Looper could have been better, it didn't really have a point beyond the characters story. With a movie that plays with what it edged around, you sort of expect some kind of thought provoking idea to come from it. You should see X-Men Days of Future Past... now thats a time travel movie! Or maybe The One. A brilliant movie with Jet Li. 

I think the angle I am going to go is "Power corrupts but absolute power corrupts absolutely" As well as "There is always a choice and freewill." Simple sounding but I want to explore it a bit better than most do.  



Tettsuo said:


> Depends on the following...
> 
> 1 - What is "bad" to you?  A psychopath is bad, not because they're inherently evil imo, but because their sense of right and wrong is broken.  So you need to define what bad means and how that looks to you.  I believe nothing is as bad as apathy, and I mean true apathy for all life.  That's a worst possible villain to me.
> 
> ...



I think it is more his actions rather than how bad he is that is the motivation in the story... He steals all the magic in the world in order to find and control the main source of magic.... It is a rather dire situation for those races that live because of that magic, which my main MC is soooo... That brings my to the question of how bad? Power hungry yes...but...  



Terry D said:


> Why not? What could be more engrossing for a reader -- more emotionally investing -- than making the reader care about the antagonist as much as they do the protagonist? I'd love to write a book where the reader cries for the antagonist even as they are cheering for the protagonist.





Terry D said:


> I think that's a very narrow and simplistic way of looking at character development.
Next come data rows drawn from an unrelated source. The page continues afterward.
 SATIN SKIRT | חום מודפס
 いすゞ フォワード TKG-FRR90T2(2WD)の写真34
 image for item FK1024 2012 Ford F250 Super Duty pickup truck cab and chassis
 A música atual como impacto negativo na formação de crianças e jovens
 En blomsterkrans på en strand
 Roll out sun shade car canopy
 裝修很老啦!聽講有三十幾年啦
You are right, it's not done very often, but doesn't mean it is a bad thing to do. The reader will accept such a resolution if the author shows it to be the only reasonable solution available.



I don't see why it would be narrow.. rather more interesting. Conflicted villains are far to overrated. How do you react to them? Do you like them? Do you route for them over the MC? Do you route for the MC anyway? What happens when the MC saves the day? Are your supposed to be happy? Sad?  
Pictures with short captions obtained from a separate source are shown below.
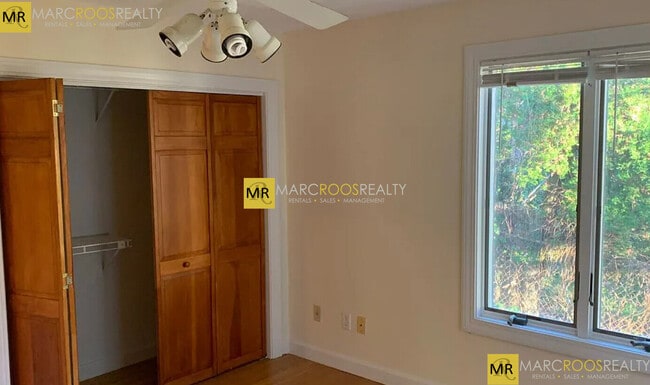 Photo - 114 Yorktown St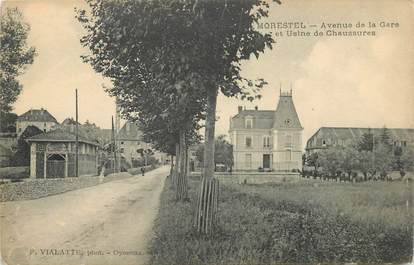 CPA FRANCE 38 "Morestel, Avenue de la Gare et usine de chaussures"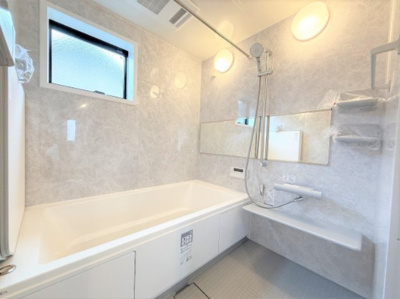 【浴室】 | 【仲介手数料４９０万円が無料！！】■プレミアム仕様■４ＬＤＫ＋車庫■収納たっぷり■制震ダンパー | 【諸費用４９０万円ＯＦＦです！！】
■プレミアム仕様
■４ＬＤＫ＋車庫
■収納たっぷり
■制震ダンパー
■高断熱住宅
■ＺＥＨ水準住宅
■省エネ性能ラベル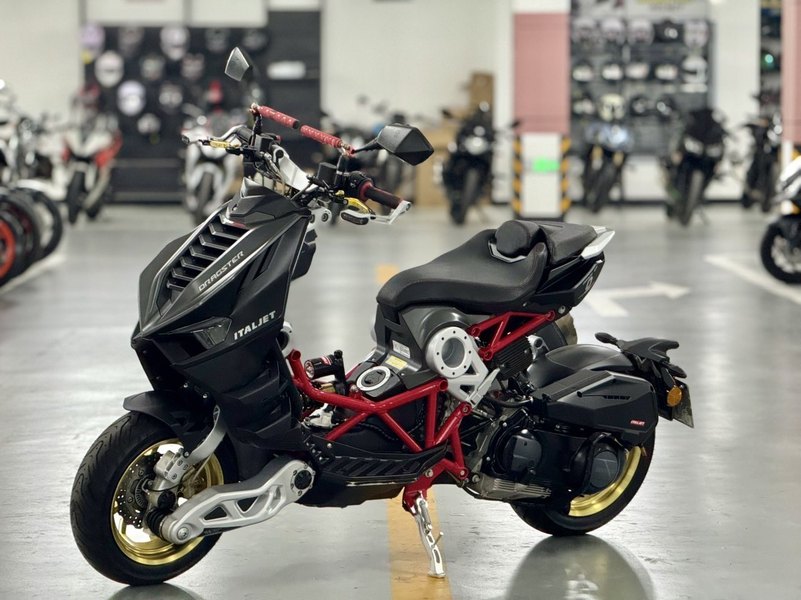 二手意塔杰特Dragster 300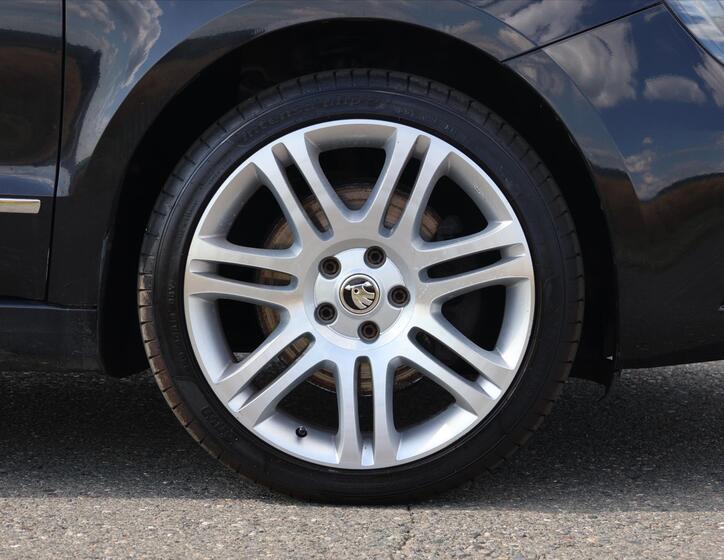 Škoda Superb 32
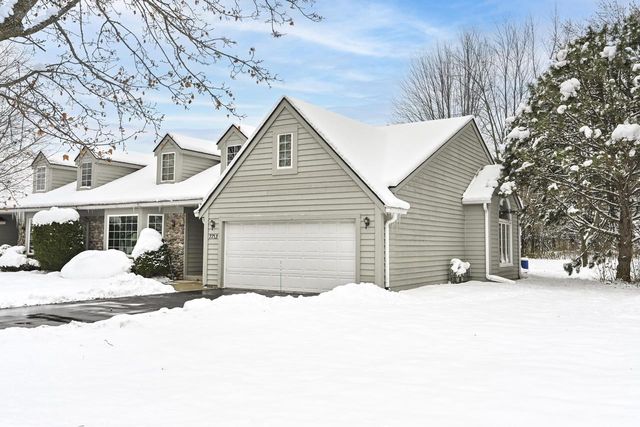 7713 W Terrace DRIVE, Franklin, WI 53132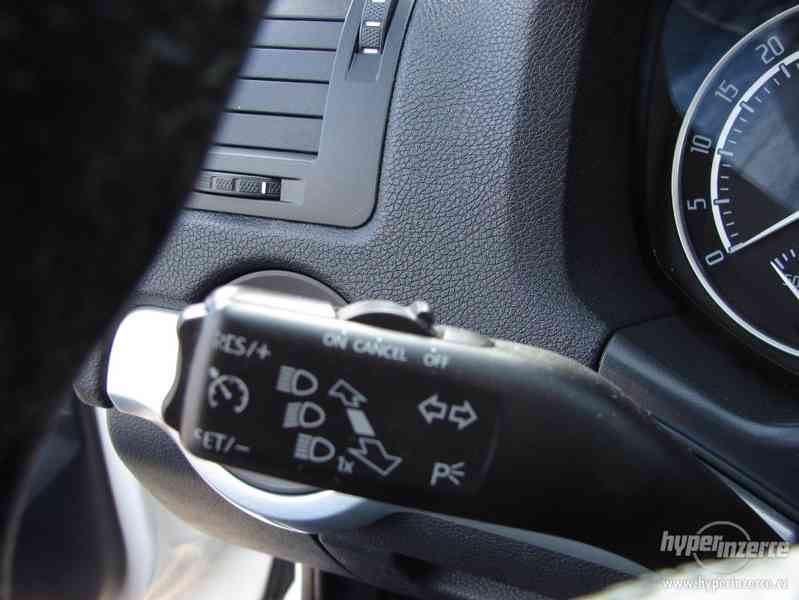 Škoda Octavia 2.0 TDI RS Combi r.v.2010 (serviska) - foto 11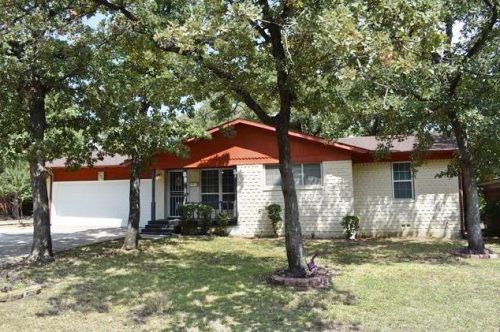 7129 Robinhood Ln, Fort Worth TX  76112-5719 exterior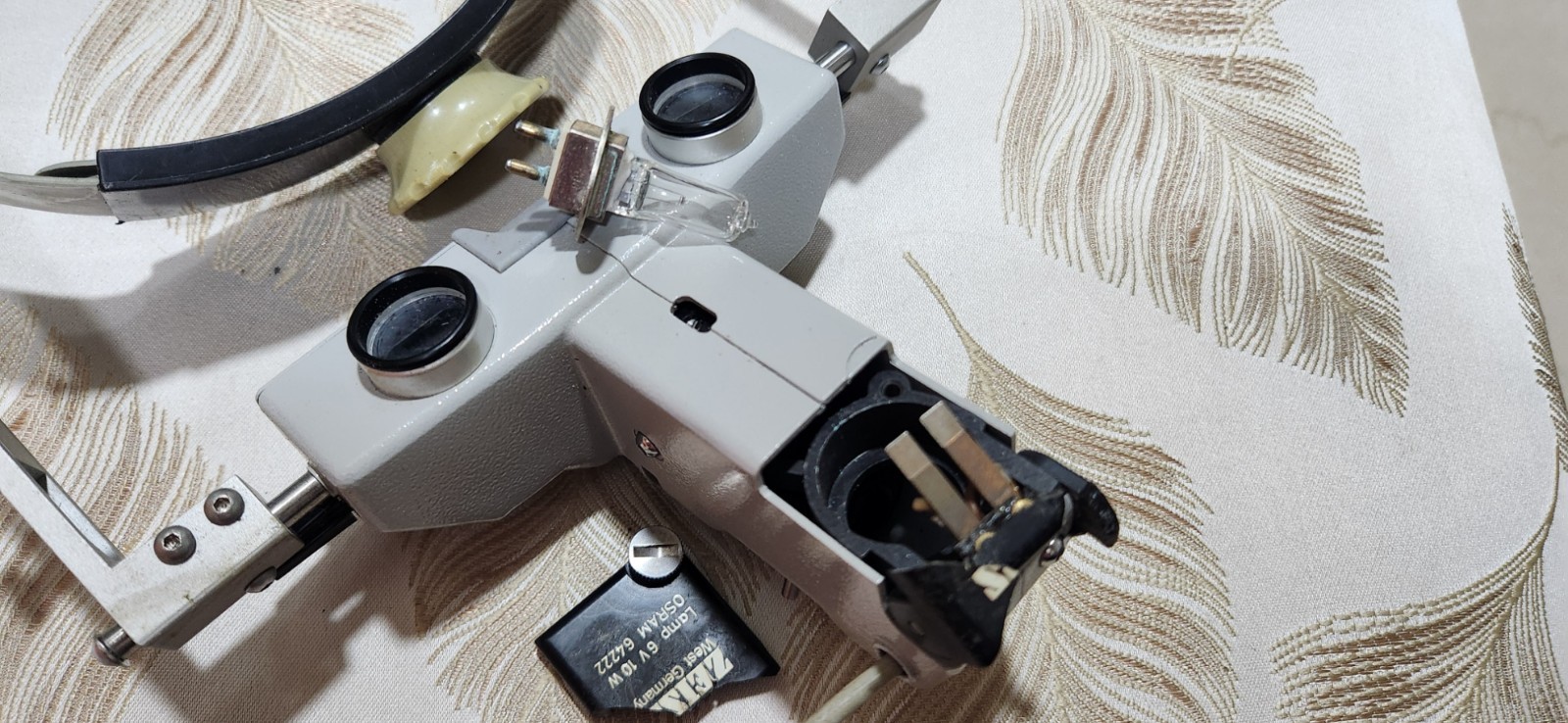 Carl Zeiss OPMI Surgical Microscope Binocular Head Illuminator with Bulb.Read.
Also they are irritating, just like weepy MC'S that go about questioning their chosen-ess and or their goodness. Just make up your mind! 

Ok... small rant over.


----------



## Tettsuo (Nov 28, 2016)

The Fantastical said:


> I think it is more his actions rather than how bad he is that is the motivation in the story... He steals all the magic in the world in order to find and control the main source of magic.... It is a rather dire situation for those races that live because of that magic, which my main MC is soooo... That brings my to the question of how bad? Power hungry yes...but...


So the antagonist is like a Dr Doom type?  In comics, Dr Doom believe he's the most fit to rule to world.  So in a rather perverse way, he believes he doing it for the right reason.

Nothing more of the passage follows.